### REQUIRED WORK
Wherever a picture appears in the listing below, leave it out and reproduce the rest exactly.
** MATERIAL PROVIDED follows **
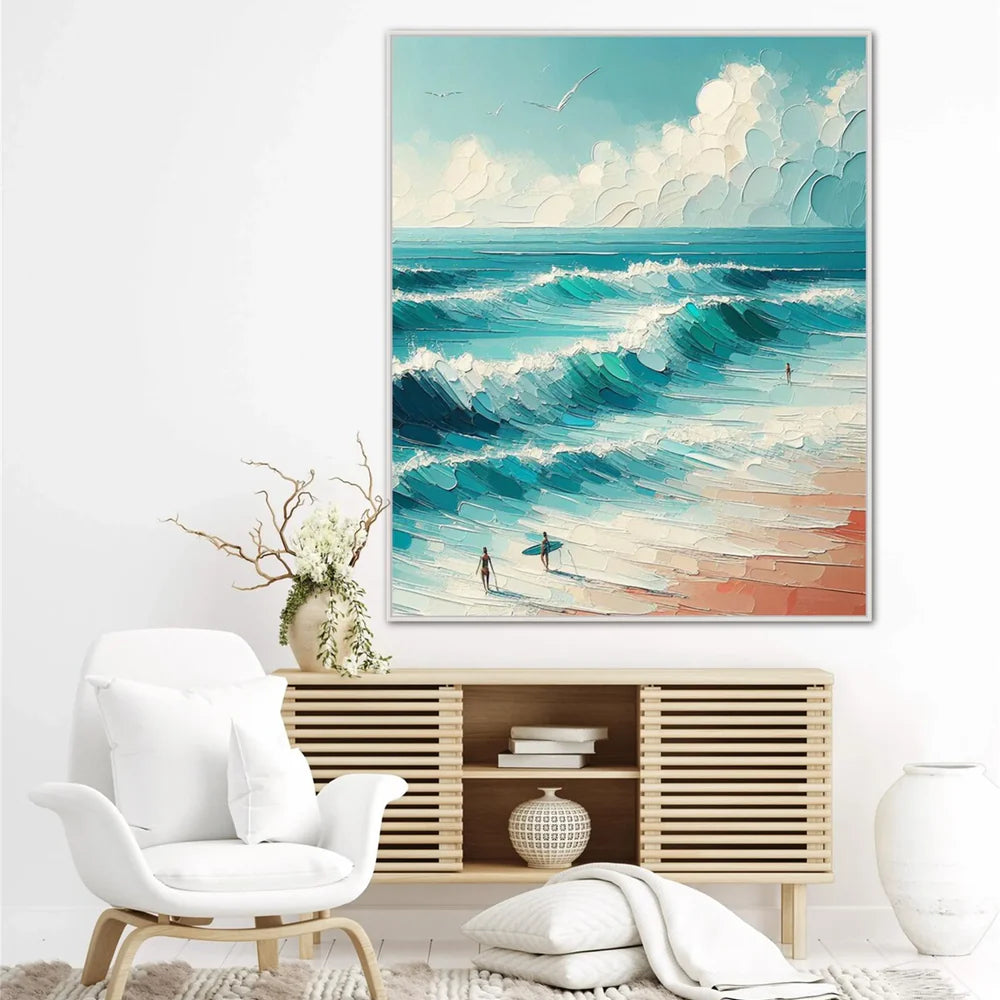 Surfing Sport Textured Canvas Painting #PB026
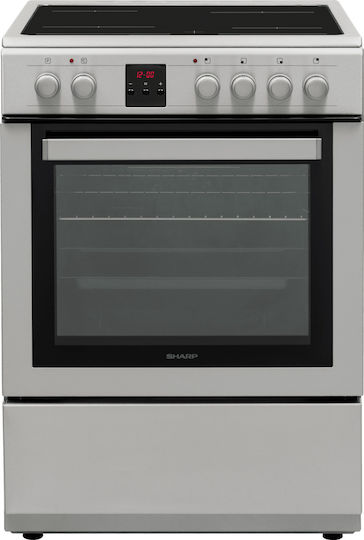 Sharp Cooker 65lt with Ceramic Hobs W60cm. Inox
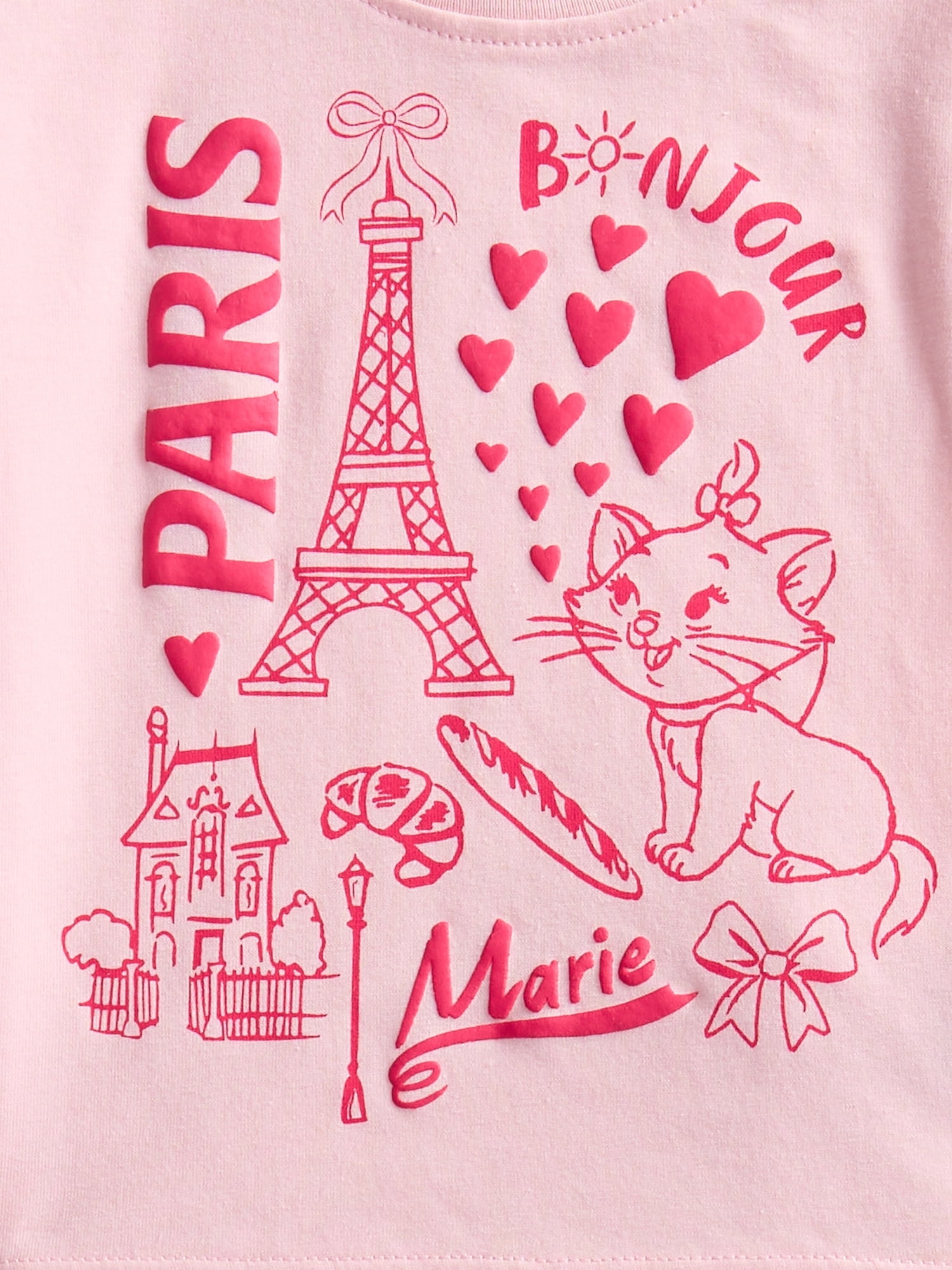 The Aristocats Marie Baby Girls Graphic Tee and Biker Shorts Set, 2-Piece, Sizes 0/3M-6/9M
** End of MATERIAL PROVIDED **
### ANSWER SPACE
 Surfing Sport Textured Canvas Painting #PB026
 Sharp Cooker 65lt with Ceramic Hobs W60cm. Inox
 The Aristocats Marie Baby Girls Graphic Tee and Biker Shorts Set, 2-Piece, Sizes 0/3M-6/9M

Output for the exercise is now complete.